Since its founding in 1996, the Phoenix Fund at The New World Foundation has supported grassroots organizing at the intersection of three social movement steams: immigrant rights, economic justice, and the new electorate. The intersection has proven very fertile for both social conflict and social change, as a historic new wave of immigrants transforms every corner of American life.

Our U.S. program has focused on immigrant worker centers and the peer networks that directly serve them. We invest in these organizations because they reach deeply into new immigrant communities, particularly the undocumented, and because they have been major vehicles through which new immigrant leaders and activists can represent themselves in broader social action.

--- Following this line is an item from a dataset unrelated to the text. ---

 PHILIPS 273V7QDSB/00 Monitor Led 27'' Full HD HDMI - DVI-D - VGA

The Fund’s grantees have been on the frontlines of battles against the xenophobic Right, campaigns to secure immigration reform, organizing drives to achieve labor rights, and struggles to achieve voting rights for New Americans.

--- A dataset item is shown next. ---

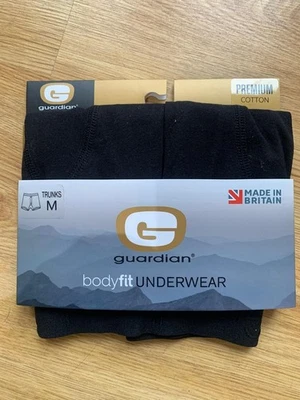 GUARDIAN BODYFIT New Men's 2 Pairs Guardian® Bodyfit Premium Cotton Briefs or Trunks Underwear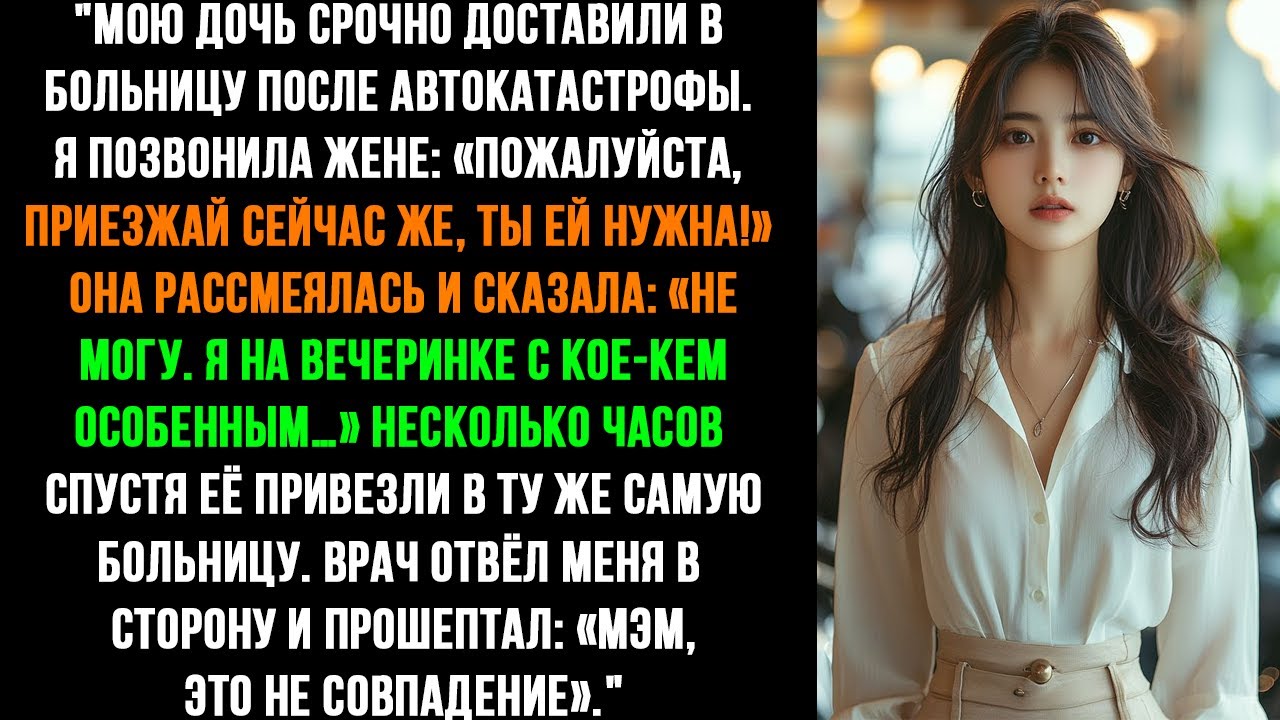 Звонок жене из приёмного покоя: её смех в трубке спровоцировал НЕОЖИДАННУЮ ДЛЯ ВСЕХ МЕСТЬ.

Many of these frontline groups have evolved into multi-dimensional community institutions that combine service, organizing and policy action. Many have become important partners in alliances to build a progressive, multi-racial electorate in major metro centers across the country.
 
New World feels the movement for immigrant empowerment is reaching a new stage of influence and potential, after a harsh period of attack and defense that followed 9/11. To shift into pro-active modes, the movement needs a denser organizational infrastructure and greater internal capacity. In 2008-9 Phoenix Fund grants will be made strengthen frontline anchor groups as they:

  • Organize the unorganized, especially in areas where new immigrant communities are rapidly growing, as in the South;
  • Expand peer-to-peer networks, such as those being established by day laborers, domestic workers and immigrant youth;
  • Create strategic alliances, bridging Black-Brown tensions and other racial divides, and strengthening ties between immigrant communities and labor and interfaith groups.
  • Launch pro-active policy campaigns, taking the policy process beyond the Beltway around issues like immigration reform, guestworker policy, wage theft and fair labor standards.
  • Build a leadership stream from the network of youth activists who have organized for the Dream Act at state and national levels.
  • Demonstrate that immigrant voting power can be decisive in the many places where New Americans hold a potential balance of power.

The Phoenix Fund also operates a small grants program to support global economic justice work in Mexico building on the work of the anti-sweatshop movement in the US. This movement is seeking ways to support on-the-ground organizing through human and labor rights campaigns, trade policy, corporate codes of conduct, consumer action, and worker-to-worker solidarity.